## Information shown

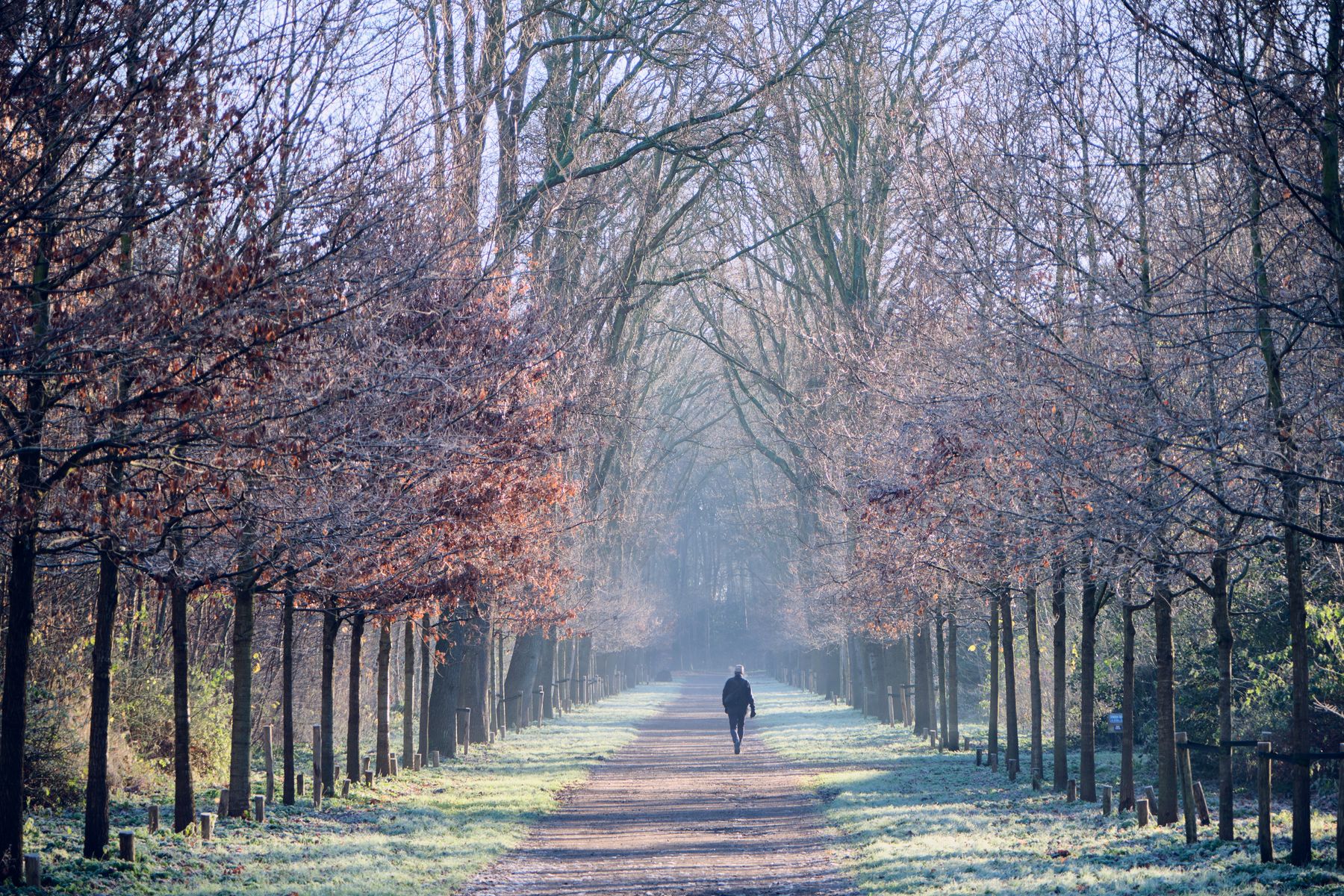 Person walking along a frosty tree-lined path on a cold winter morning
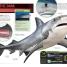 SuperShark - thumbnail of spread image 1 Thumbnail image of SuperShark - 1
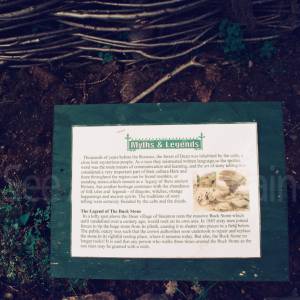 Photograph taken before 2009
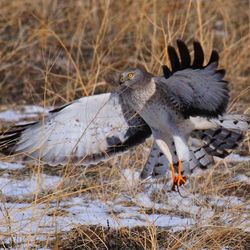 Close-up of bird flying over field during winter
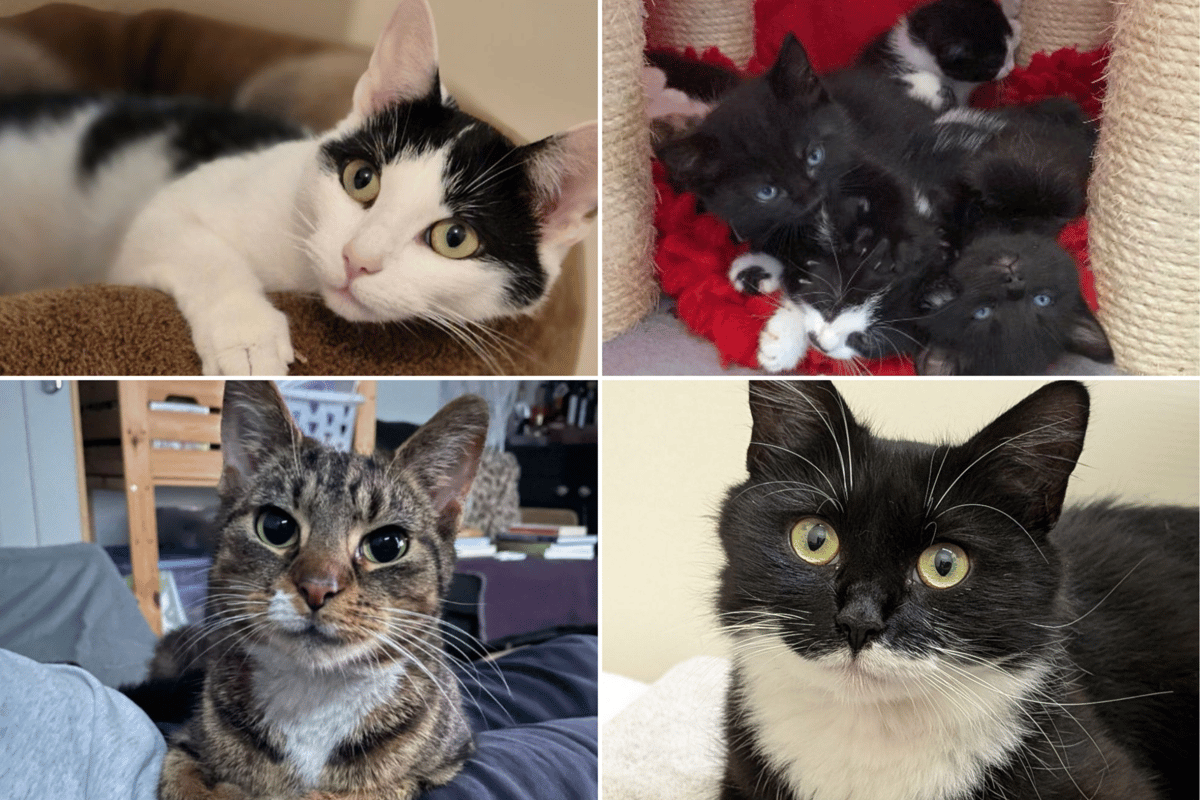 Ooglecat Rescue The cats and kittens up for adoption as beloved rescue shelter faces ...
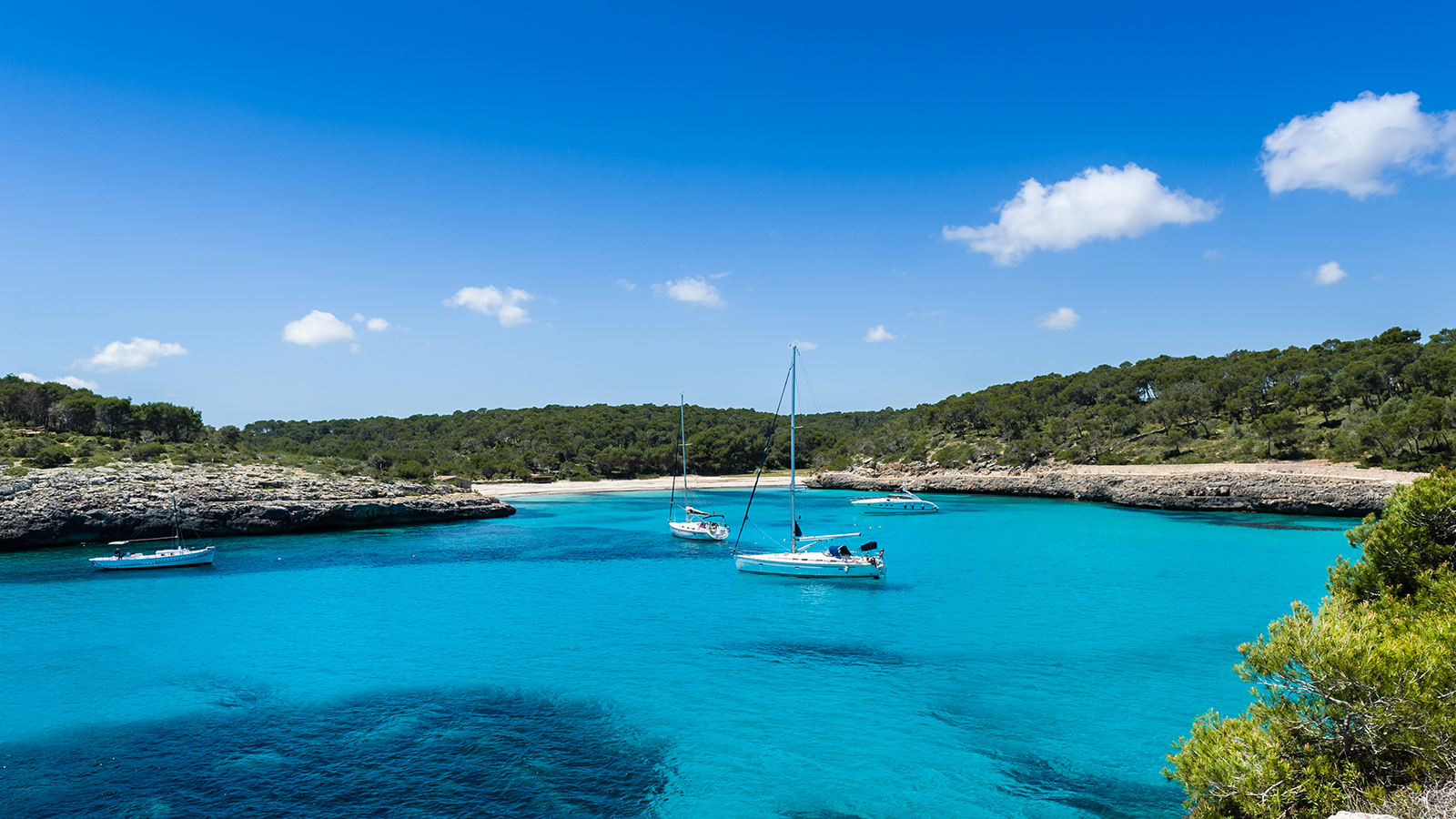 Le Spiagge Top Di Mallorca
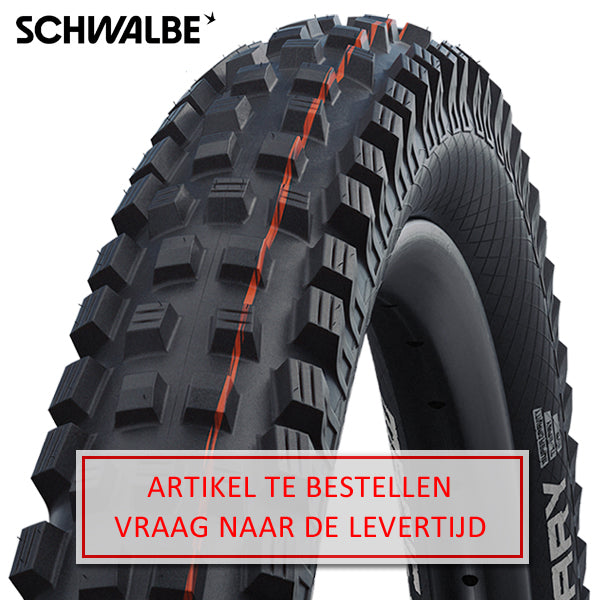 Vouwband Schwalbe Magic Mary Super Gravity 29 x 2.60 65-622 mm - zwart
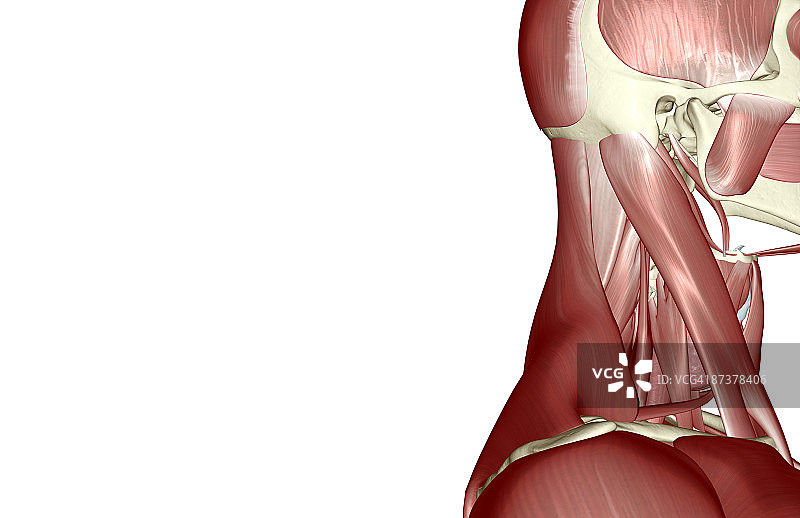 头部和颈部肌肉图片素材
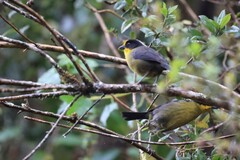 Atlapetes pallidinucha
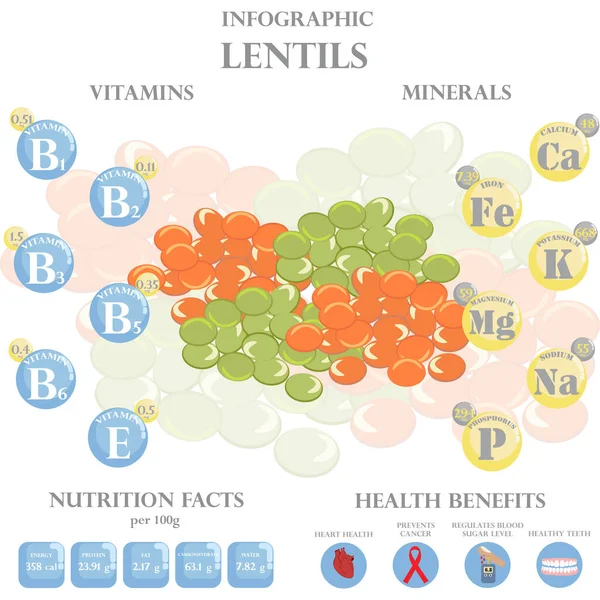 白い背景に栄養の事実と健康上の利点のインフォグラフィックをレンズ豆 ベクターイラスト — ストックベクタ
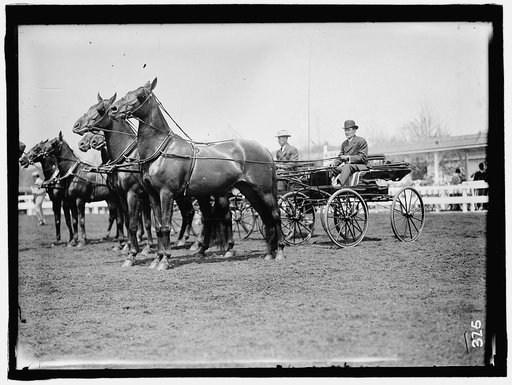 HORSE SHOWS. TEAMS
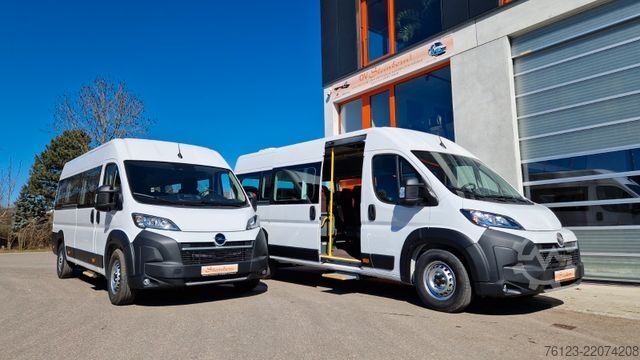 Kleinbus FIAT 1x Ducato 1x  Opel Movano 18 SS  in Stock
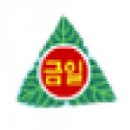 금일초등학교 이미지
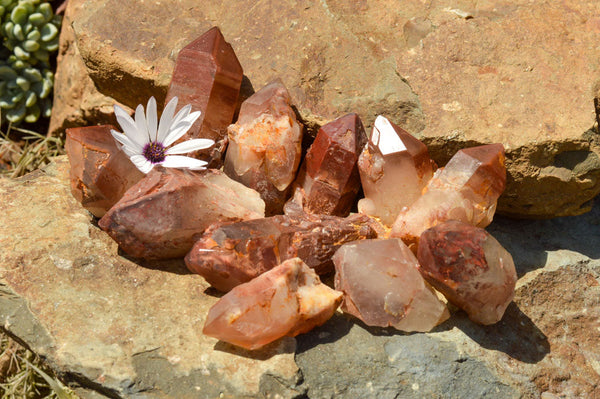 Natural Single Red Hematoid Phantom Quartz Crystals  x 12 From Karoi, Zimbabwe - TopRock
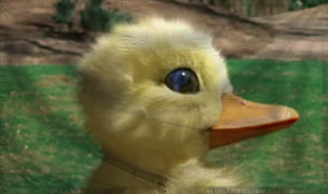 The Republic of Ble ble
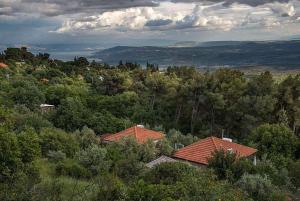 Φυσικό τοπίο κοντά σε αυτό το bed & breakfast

## What to produce
Reproduce only the lines from the line that holds "Kleinbus FIAT 1x" through the end of the records, exactly as they stand, both ends included and pictures excluded.

## Solution for this exercise
 Kleinbus FIAT 1x Ducato 1x  Opel Movano 18 SS  in Stock
 금일초등학교 이미지
 Natural Single Red Hematoid Phantom Quartz Crystals  x 12 From Karoi, Zimbabwe - TopRock
 The Republic of Ble ble
 Φυσικό τοπίο κοντά σε αυτό το bed & breakfast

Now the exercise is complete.